What you should do
Taking the data below, please print only the lines from the line holding "541 Elysian Boulevard, Big" to the line holding "Bouteille à vin", inclusive, with pictures omitted.

Records for the task
::::::::::
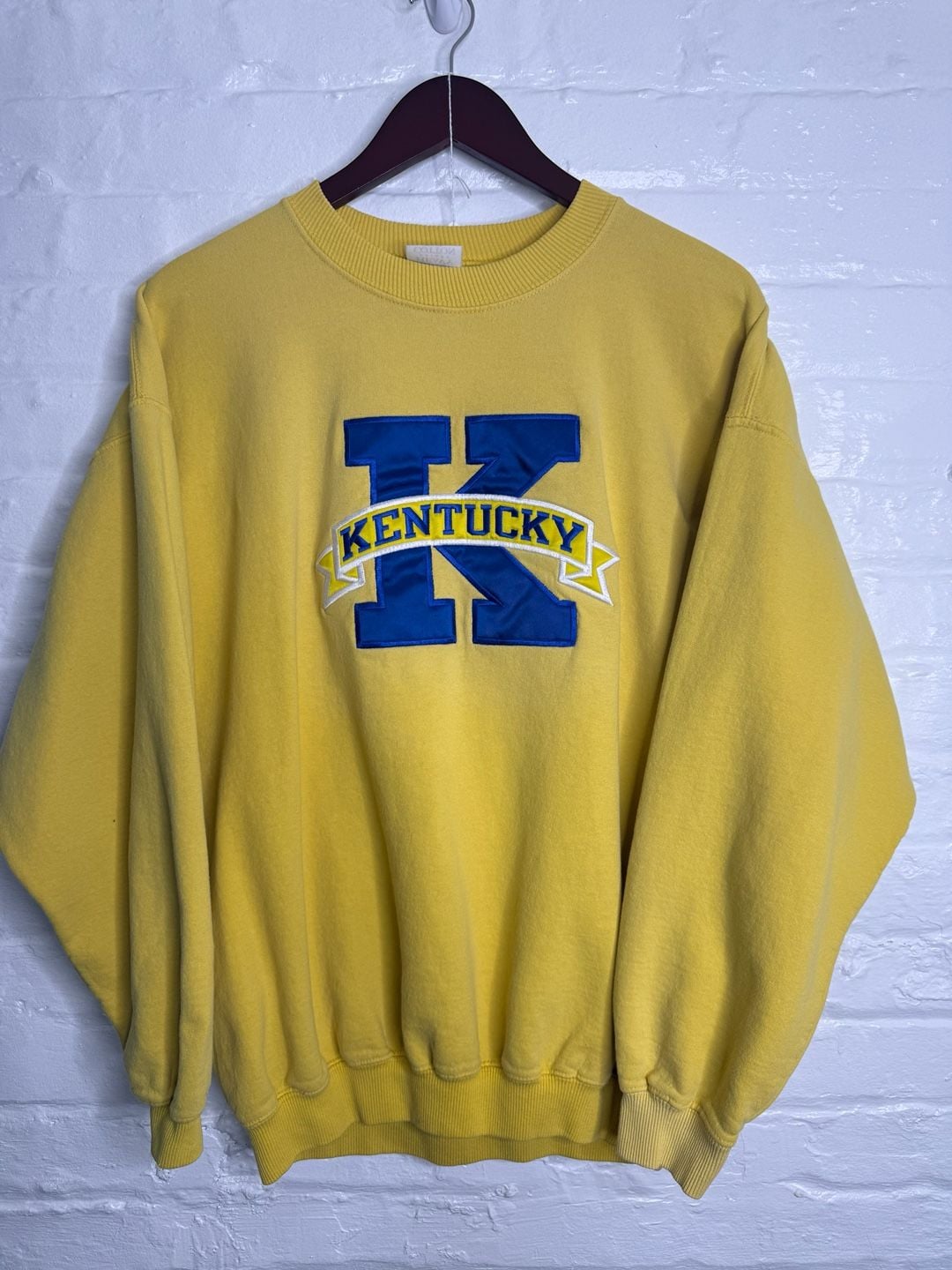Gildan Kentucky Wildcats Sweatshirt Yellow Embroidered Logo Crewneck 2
::::::::::
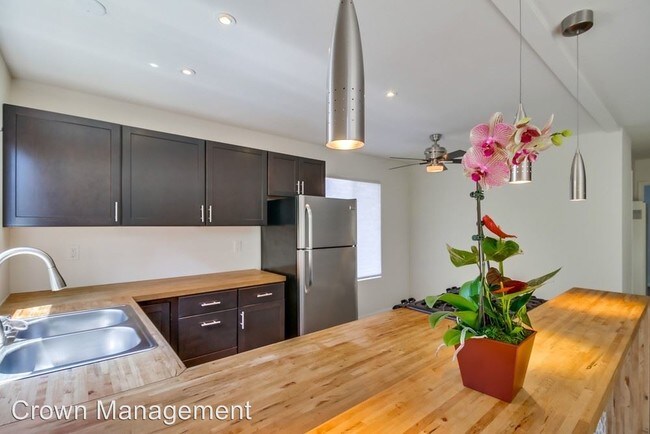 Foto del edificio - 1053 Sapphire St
::::::::::
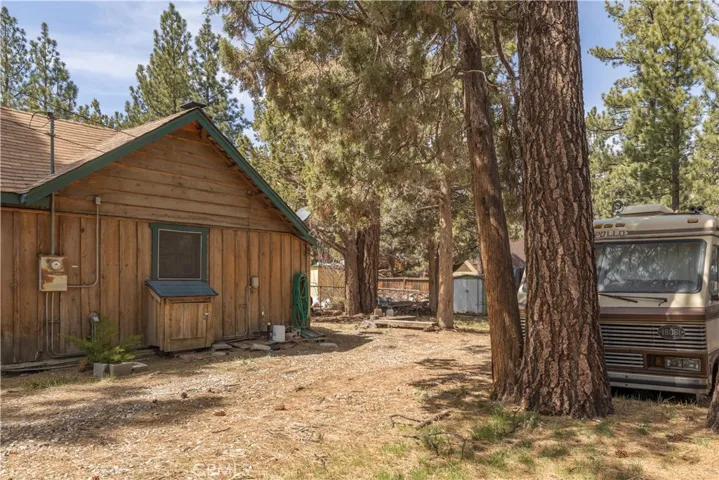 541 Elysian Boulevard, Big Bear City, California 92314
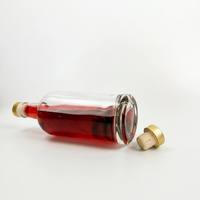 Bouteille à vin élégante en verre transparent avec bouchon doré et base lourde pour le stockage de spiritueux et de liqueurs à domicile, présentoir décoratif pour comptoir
::::::::::
Worked solution
 541 Elysian Boulevard, Big Bear City, California 92314
 Bouteille à vin élégante en verre transparent avec bouchon doré et base lourde pour le stockage de spiritueux et de liqueurs à domicile, présentoir décoratif pour comptoir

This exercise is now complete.